Directions for this task: Return nothing but the lines from the one containing "Now, normally I" through the end of the records below, exactly as they stand and without pictures.

Material to process:

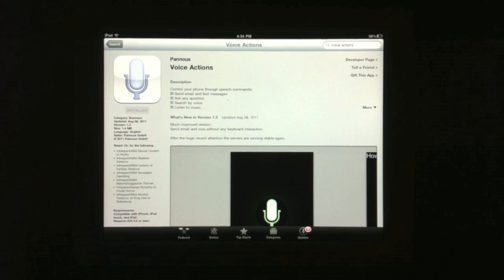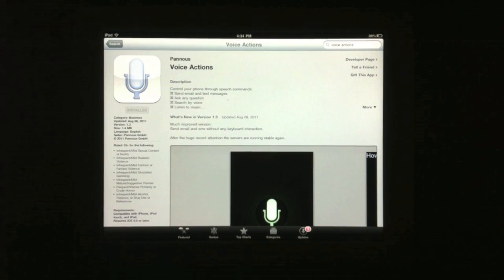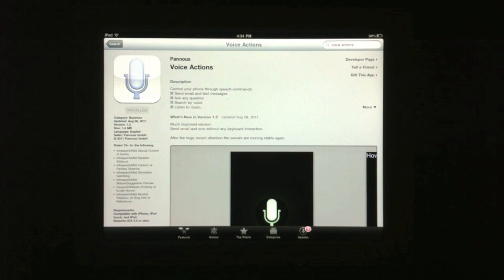So a lot of you guys told me that you couldn't find the app and it is in the app store. It's called Voice Actions. Make sure you get the space in the middle.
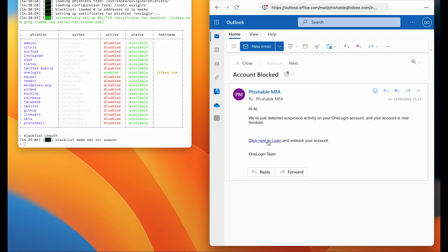On the right, our victim has received a phishing email allegedly from the OneLogin team advising the user that they should click on the link to unblock their account. Suspecting nothing, our victim goes ahead.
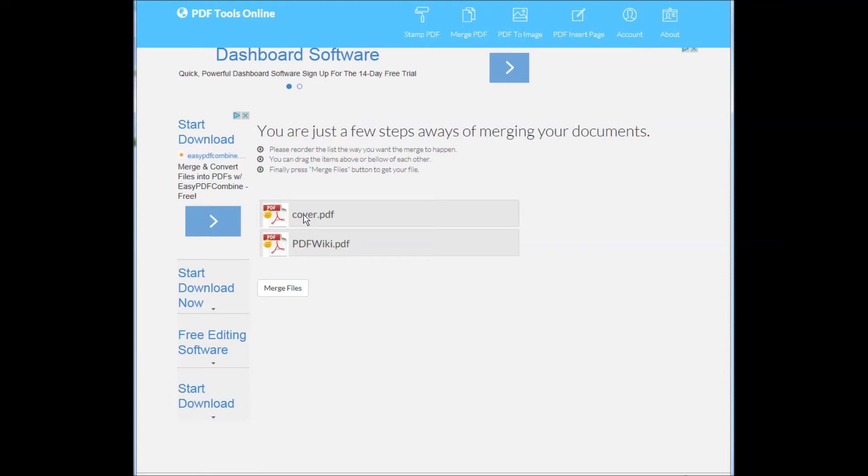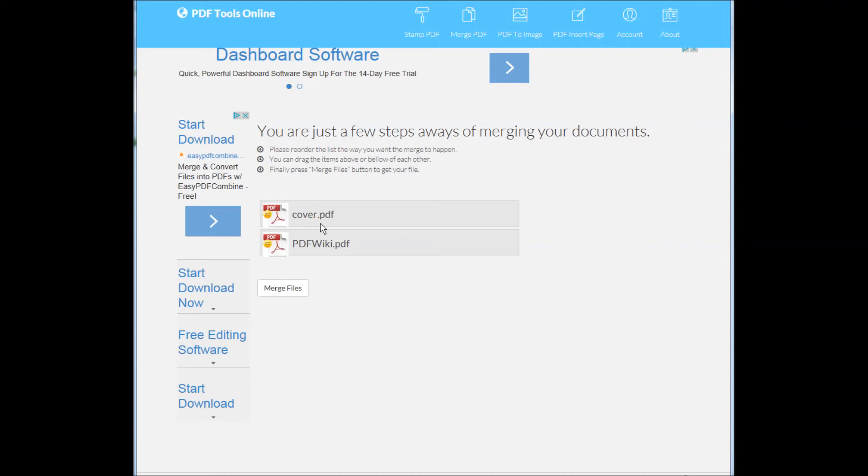You should reorder the list to set the order that files should be merged. You can do it by dragging the files up and down as you wish. When you're ready, click the button Merge files.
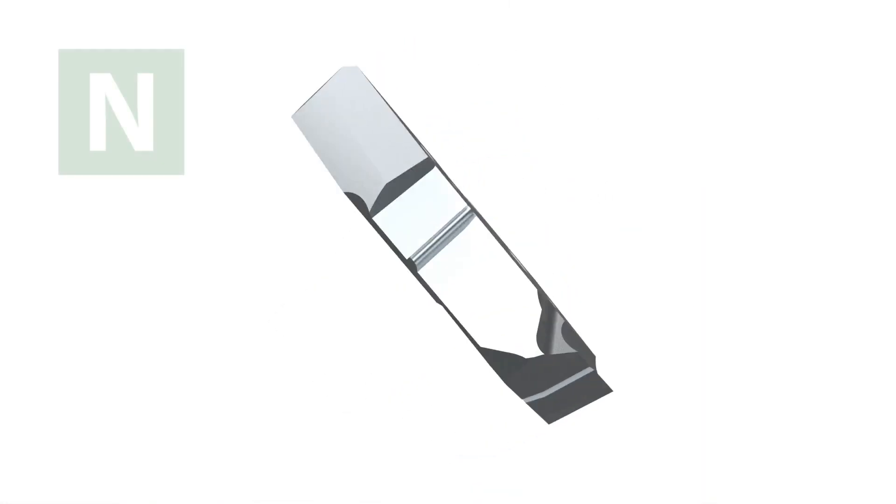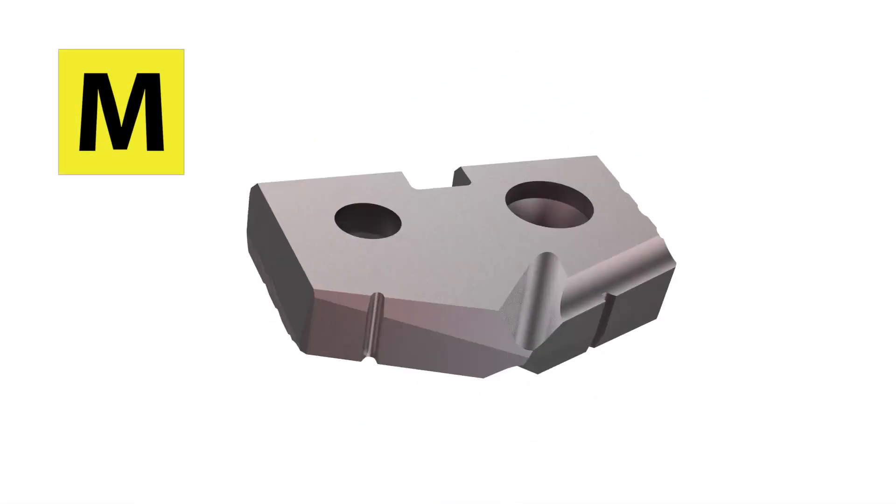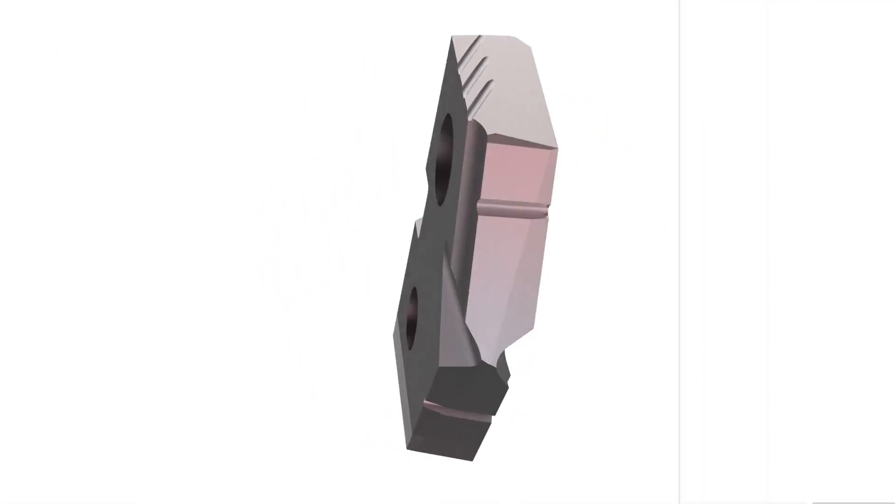The M geometry insert targets cast and raw aluminums, even copper and brass, and the M geometry is designed for ferritic and austenitic stainless steels, as well as high-strength super alloys like Inconels and titaniums.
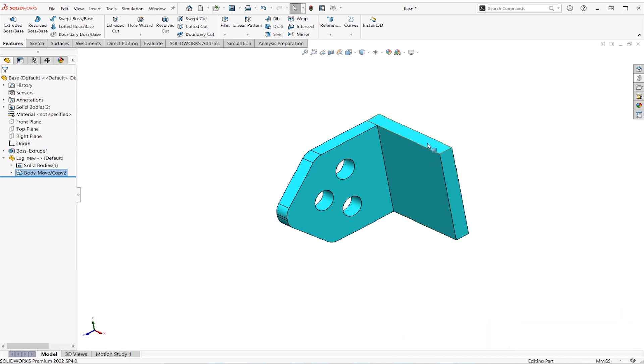So those are kind of a few different approaches we can take depending on the situation if we're trying to replace an inserted part. I hope that helps.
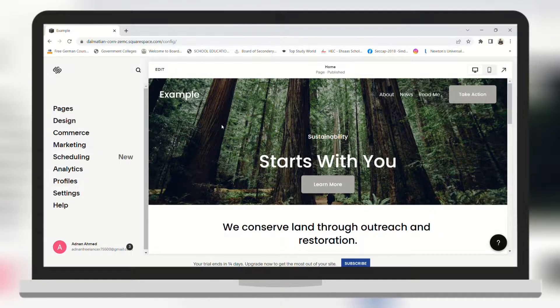Hi guys, in this video I will be showing you how you can change the date of your blog post on your website using Squarespace.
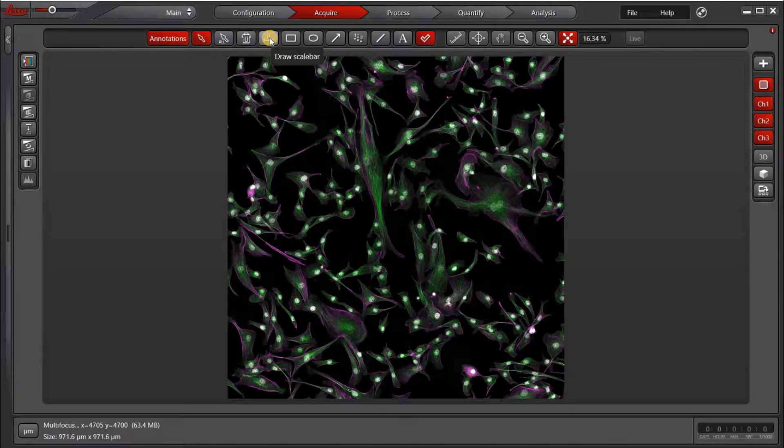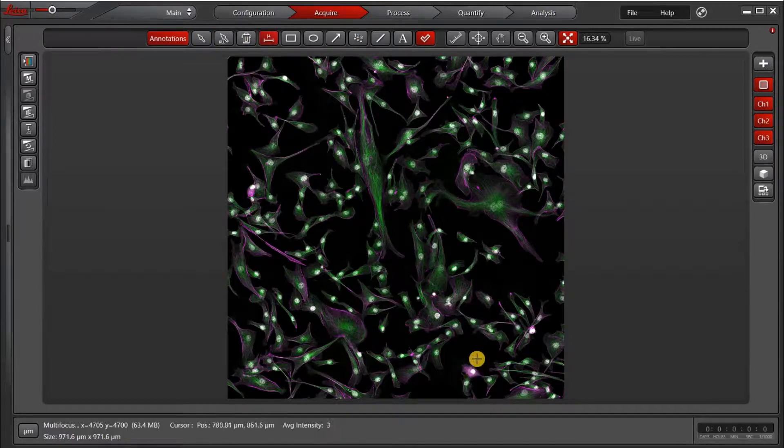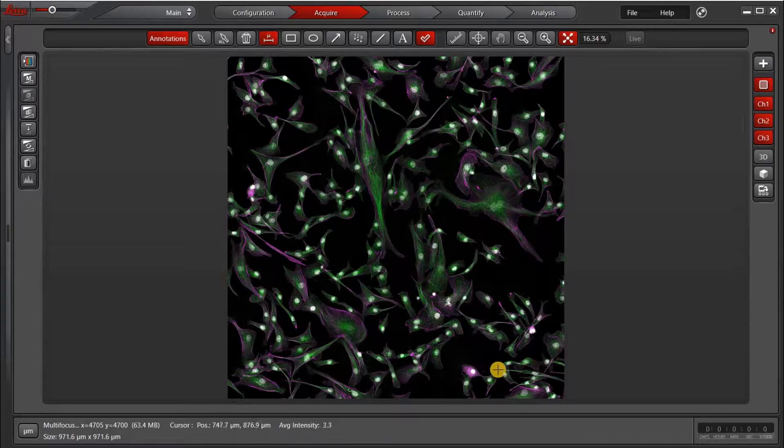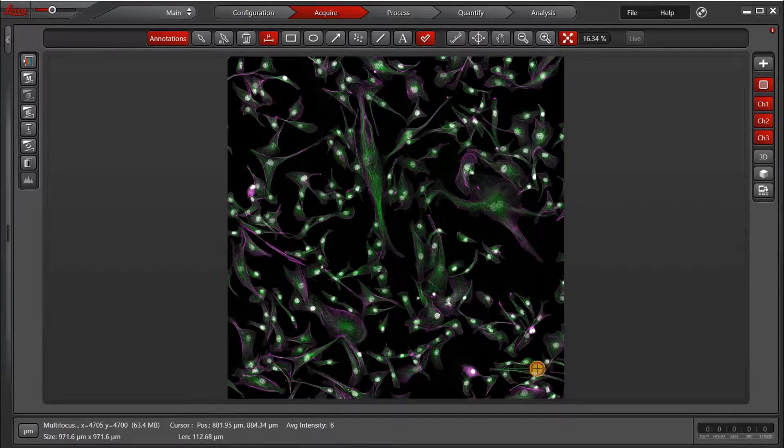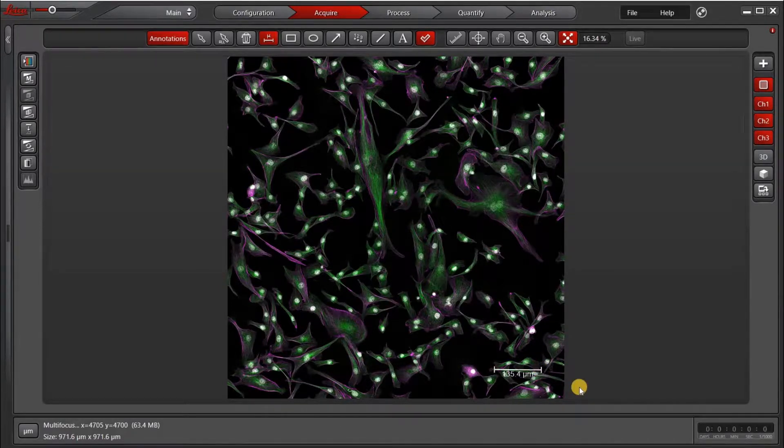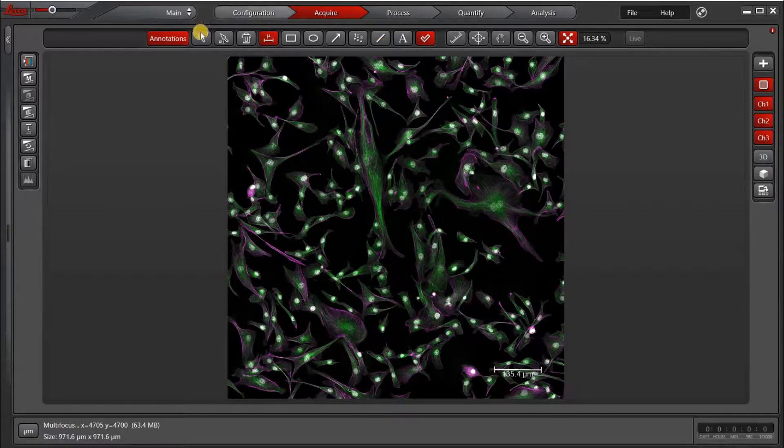Now I'm going to click the Draw Scale Bar icon, and I will draw my scale bar in this corner here. Okay, so you can see that I randomly drew a line.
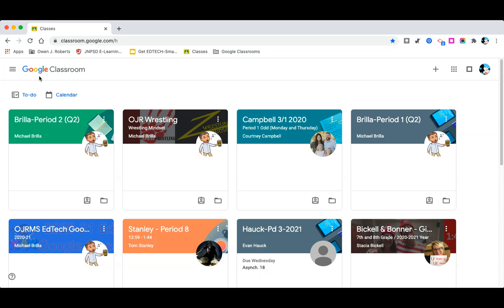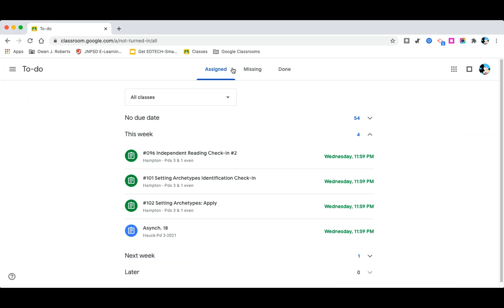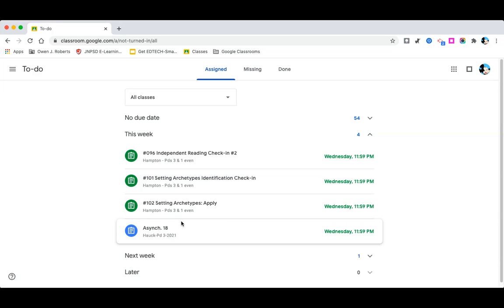When students log into their home screen, they come right to this to-do button, and you can see right away what assignments you have, what's missing, and what you've done. You can filter it — by what has no due date, or what's due this week. At a quick glance, I can see my Mickey Mouse student has about four or five things due this week.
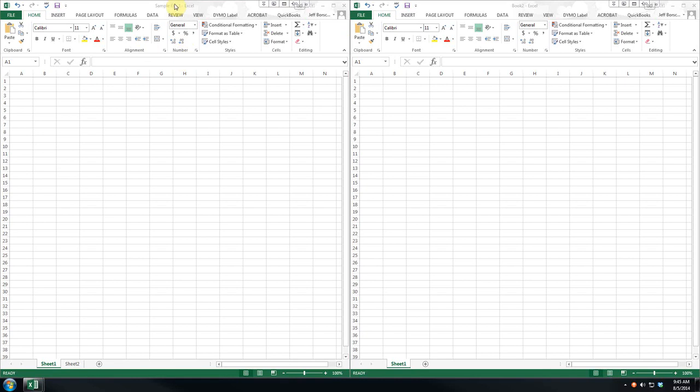Now, normally I wouldn't use something as generic as Sample File 2. I would save it as something unique. For example, I would call it ABC Company 2014 Quarterly Sales.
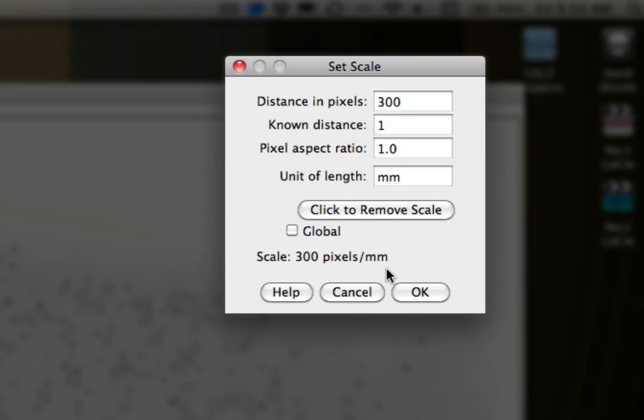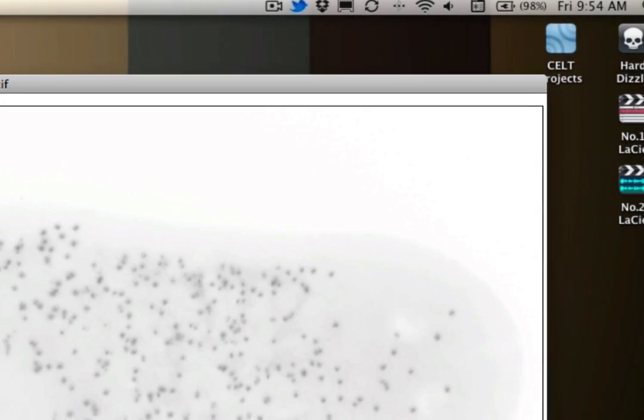You can see this gives me a scale of 300 pixels per millimeter. That's important because once we use the actual analytic measure tool, it's going to use that as a baseline for giving us a number of units. So I'll say OK here.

Exercise output:
Now, normally I wouldn't use something as generic as Sample File 2. I would save it as something unique. For example, I would call it ABC Company 2014 Quarterly Sales.
You can see this gives me a scale of 300 pixels per millimeter. That's important because once we use the actual analytic measure tool, it's going to use that as a baseline for giving us a number of units. So I'll say OK here.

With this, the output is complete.